> Work required: Transcription, pictures excluded: write out the data below exactly.

> Data section:
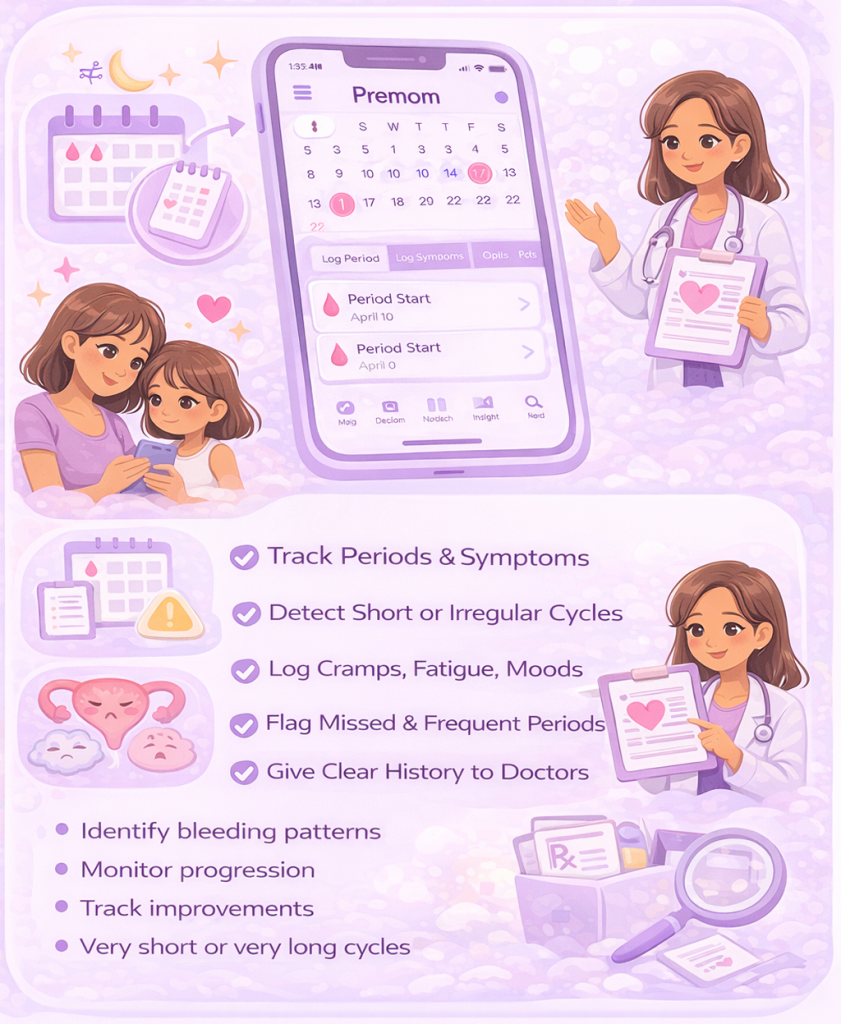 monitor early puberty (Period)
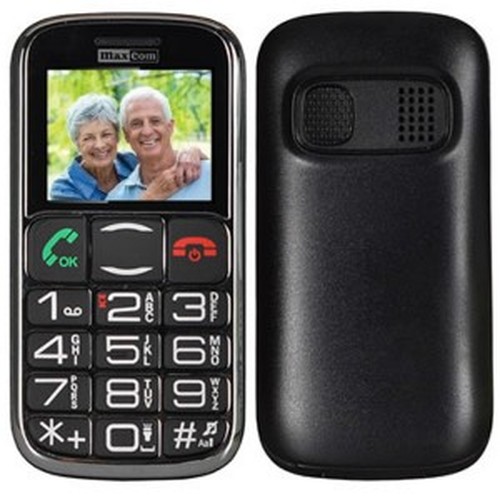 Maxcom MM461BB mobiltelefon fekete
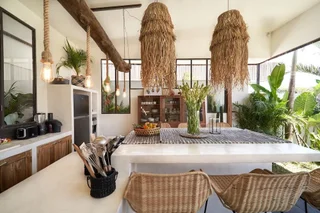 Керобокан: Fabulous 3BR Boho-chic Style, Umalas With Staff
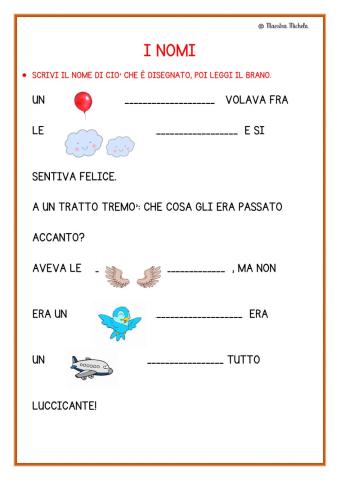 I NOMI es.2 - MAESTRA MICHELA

> Exercise answer:
 monitor early puberty (Period)
 Maxcom MM461BB mobiltelefon fekete
 Керобокан: Fabulous 3BR Boho-chic Style, Umalas With Staff
 I NOMI es.2 - MAESTRA MICHELA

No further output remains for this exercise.